Fed’s Brainard: Financial firms should start addressing climate risk now

WASHINGTON (Reuters) – Uncertainty about the impact climate change may have on the financial system should not prevent financial firms and their supervisors from moving now to prepare for the shocks to come, a key Federal Reserve policymaker said on Thursday.

Fed Governor Lael Brainard, in remarks to an Institute of International Finance forum on the move to a low-carbon economy, said financial firms faced risks not just from weather-related disasters, but also potentially fast changes in asset prices if and when government policies change.

“While the scientific evidence for climate change is unequivocal, estimates of the magnitude of climate-related financial risks are highly uncertain,” said Brainard, who is spearheading the Fed’s efforts to determine how the central bank should incorporate climate considerations into its operations and oversight of the financial system.

“This residual uncertainty should not stand in the way of making prudent investments in risk-management practices in the near term,” Brainard said.

Central banks globally are trying to determine how climate change should fit into their work.

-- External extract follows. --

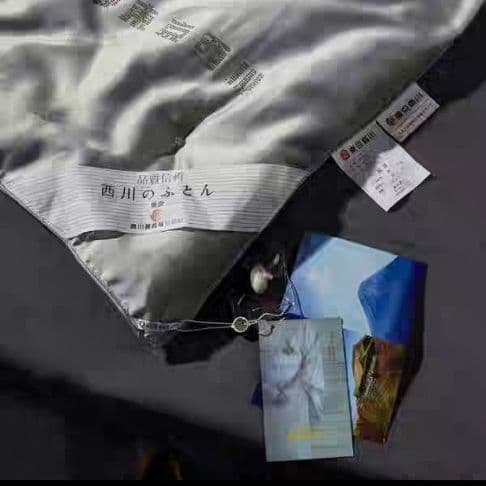 東京西川の絹糸は冬と秋に暖かくして芯布団に入れられます。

The economic impacts of severe weather, for example, were hammered home even as Brainard spoke, with a freak winter storm pummeling the energy grid in Texas.

While the impact of that sort of “physical risk” is notoriously hard to predict and may evolve over a longer time horizon, the ongoing policy debate about how to arrest the global rise in temperature could bring about its own sort of stress, she said.

“Unanticipated or abrupt shifts in policy, technology, or investor sentiment have the potential to produce abrupt repricing events that could result in losses on financial institution balance sheets,” Brainard said.

Different options are being studied for possible use in supervision, Brainard said, including the development of a type of scenario analysis that assesses how financial institutions cope with long-term climate challenges.

“Standardized, reliable and mandatory disclosures could provide better access to the data required to appropriately manage risk,” she said.